Butler puts it more delphically, recording his "surprise that policy makers and the intelligence community did not, as the generally negative results of Unmovic inspections became increasingly apparent, re-evaluate in early 2003 the quality of the intelligence". That is an astonishing and damning comment. When I asked Butler at his news conference to explain this, he suggested that maybe the JIC was concentrating on other threats at the time. The answer may be more simple. Blair, having committed himself to a war that was weeks away, did not want the intelligence revisited because he feared what he might be told.

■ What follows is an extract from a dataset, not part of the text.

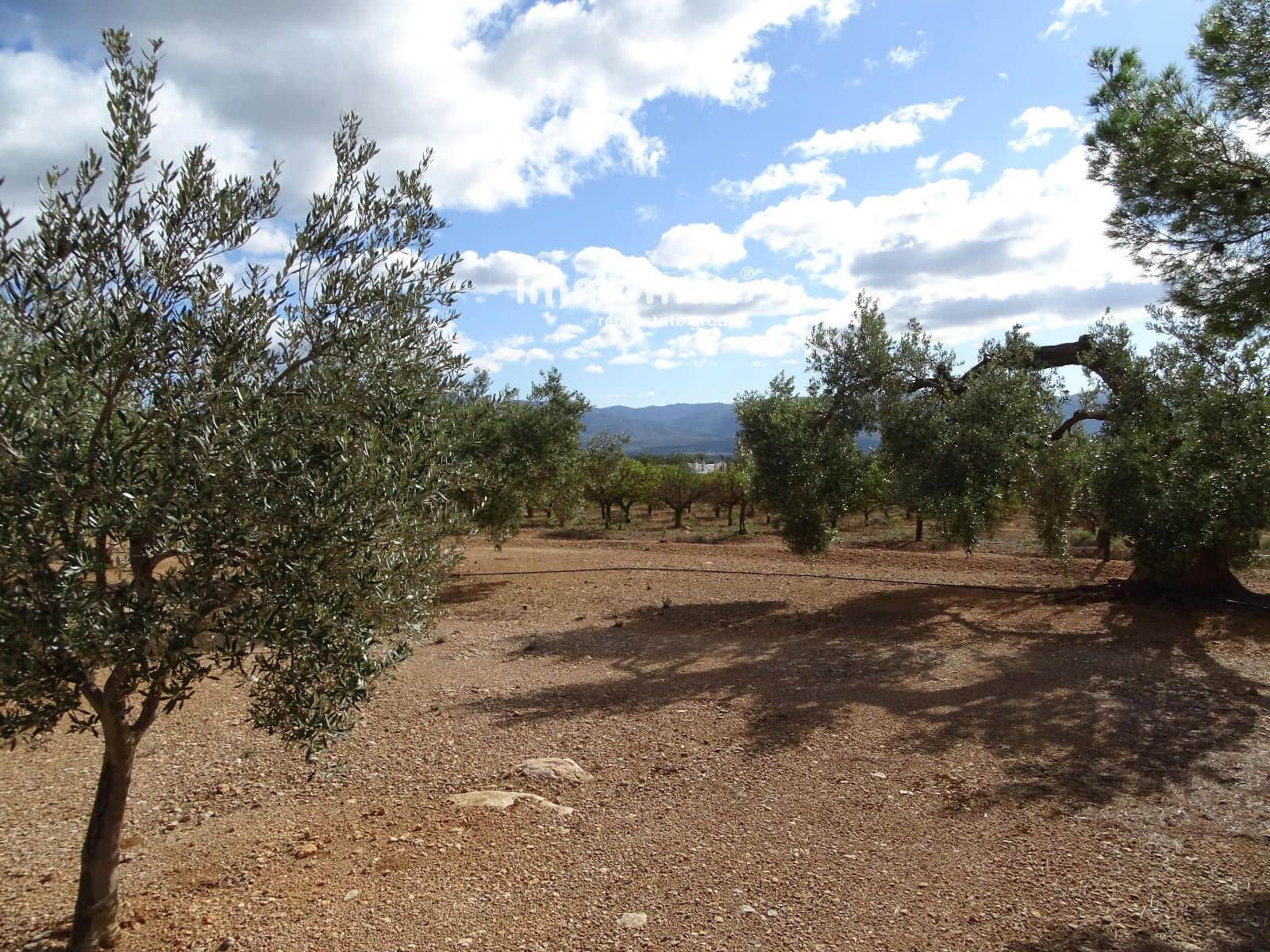 Ubebygd land til salgs i Xerta - € 66 000 (Ref: 8609315)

The other area where more light remains to be shed is the legal advice presented by the Attorney General, Lord Goldsmith, days before the invasion began. On this, I am told, the Butler committee split. They heard evidence from Elizabeth Wilmshurst, who resigned as the number two in the Foreign Office legal team in protest at the judgment. They heard from Goldsmith himself, who has still to account for his apparent volte-face on the eve of war, to provide a legal justification that few in the legal world shared. Butler's report devotes considerable space to the issue, but then strangely withholds judgement, deciding, apparently at the last moment, that the merits or otherwise of Goldsmith's legal position (as distinct from the intelligence that might have informed it) fell outside the committee's remit.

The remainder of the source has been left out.